SPSとホットプレスの違い — 同じ「加圧して焼く」を分ける発熱の場所
SPSとホットプレス(HP)は、どちらも金型の中で粉末を一軸加圧しながら焼き固める。だが熱がどこで生まれるかが違う。HPは外部ヒーターで炉空間ごと温めるのに対し、SPSは通電する金型自身を発熱体にする。本稿は両者の機構の違いと、その違いが昇温速度や保持時間にどう効くかを、公開論文をもとに中立に整理する。
- 放電プラズマ焼結
- SPS
- ホットプレス
- 一軸加圧焼結
- ジュール加熱
見た目はそっくり、中身は別
SPSとホットプレス(hot pressing, HP)は、装置の外見も操作の流れもよく似ている。どちらも粉末を黒鉛の金型に詰め、上下のパンチで一軸方向に押し込みながら高温にして緻密な固体にする。出来上がった部材だけを見比べても、どちらの手法で焼いたか言い当てるのは難しいことが多い。

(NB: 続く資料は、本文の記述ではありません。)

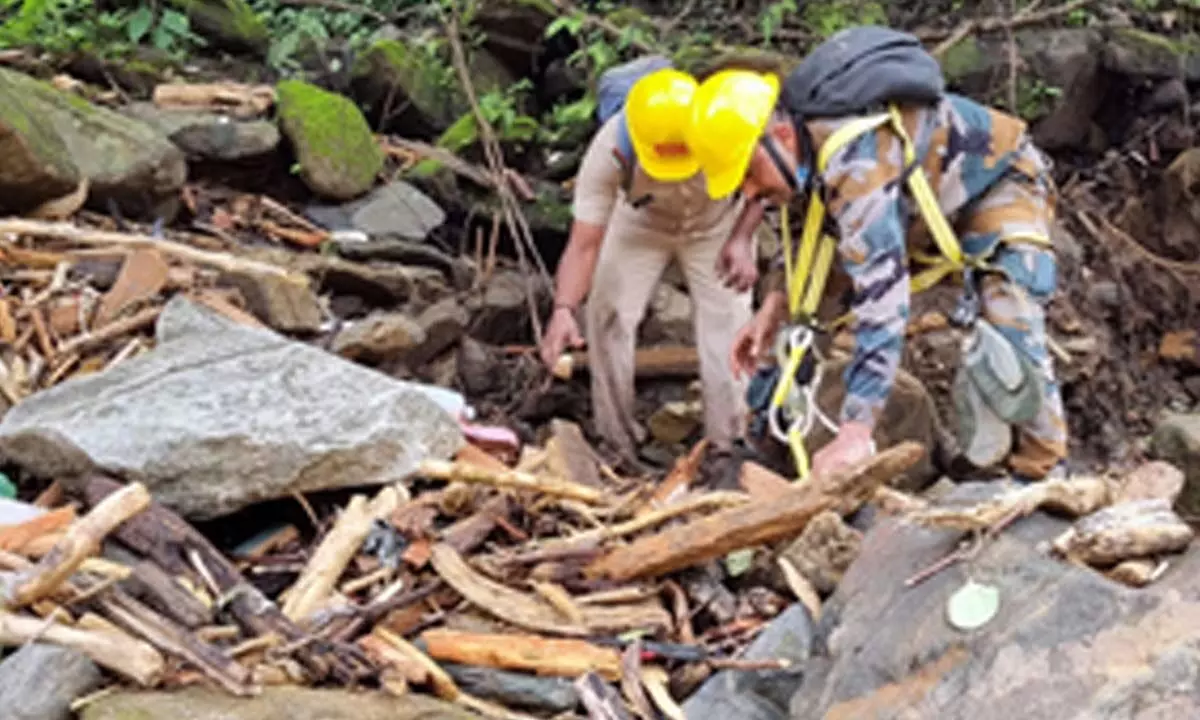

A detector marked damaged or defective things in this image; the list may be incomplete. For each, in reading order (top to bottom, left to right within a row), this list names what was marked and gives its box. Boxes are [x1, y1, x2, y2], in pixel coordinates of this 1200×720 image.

broken wooden plank [1, 480, 150, 609]
broken wooden plank [422, 458, 609, 504]
broken wooden plank [427, 542, 672, 638]
broken wooden plank [585, 444, 921, 585]
broken wooden plank [422, 628, 624, 681]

だが両者は、焼結の核心である「熱をどこで生むか」という点で機構が分かれる。この一点の違いが、昇温の速さ、保持時間の長さ、温度の均一性といった実用上の性格を左右する。以下では、加圧の役割をいったん共通項として脇に置き、発熱の仕組みに焦点を当てて両者を並べていく。
ホットプレス — 外から温めて、熱を伝える
ホットプレスでは、発熱源が金型の外側にある。炉壁に組み込んだ黒鉛ヒーターや、まわりに巻いた誘導加熱コイルが熱を生み、その熱が炉内の空間と金型を温め、最終的に金型を介して粉末へ伝わる。つまり熱は「外から内へ」と伝導していく [3]。

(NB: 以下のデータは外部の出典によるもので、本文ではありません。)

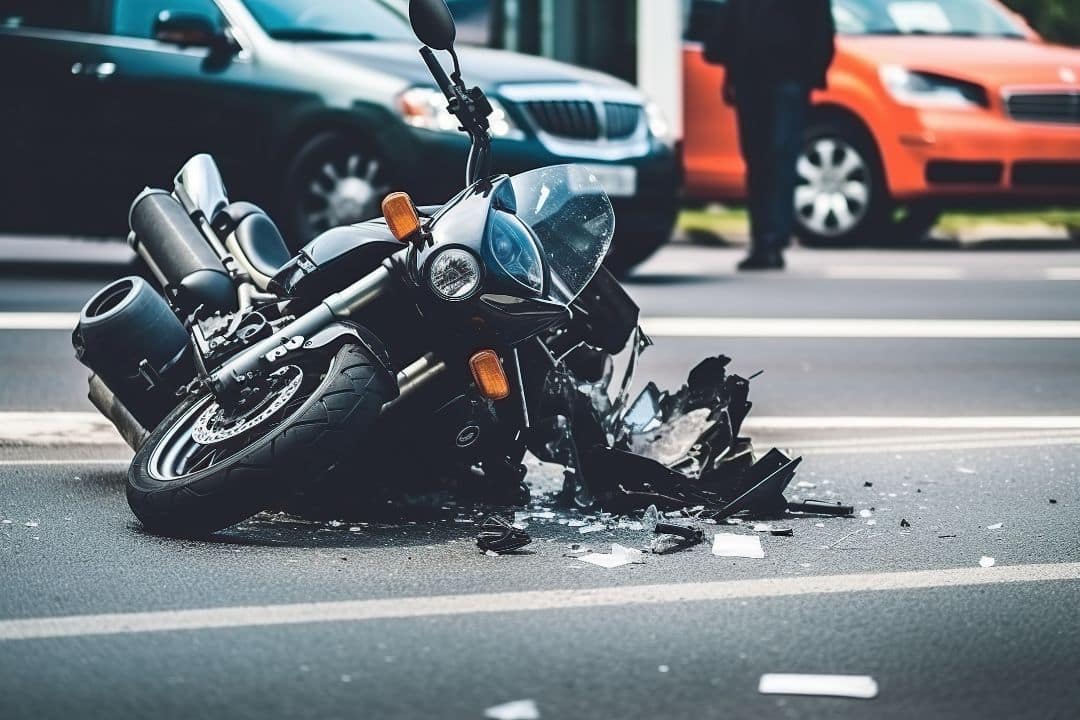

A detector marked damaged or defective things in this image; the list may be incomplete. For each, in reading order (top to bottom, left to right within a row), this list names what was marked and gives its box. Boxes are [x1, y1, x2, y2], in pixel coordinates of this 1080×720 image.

crashed black motorcycle [71, 0, 816, 536]
broken fairing [532, 334, 828, 520]
shattered debris [478, 516, 532, 556]
shattered debris [576, 544, 644, 568]
shattered debris [712, 532, 764, 560]
shattered debris [760, 672, 876, 700]
shattered debris [486, 696, 540, 720]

この方式の特徴は、温度場が比較的なだらかで均一になりやすい点にある。炉内空間全体をひとつの恒温槽のように温めるため、試料内の温度差が小さくなりやすい。一方で、温めるべき熱容量(炉空間+金型+試料)が大きいぶん、昇温と冷却には時間がかかる。目標温度に達してから組織を整えるために、数十分から数時間の保持をとる運用も珍しくない。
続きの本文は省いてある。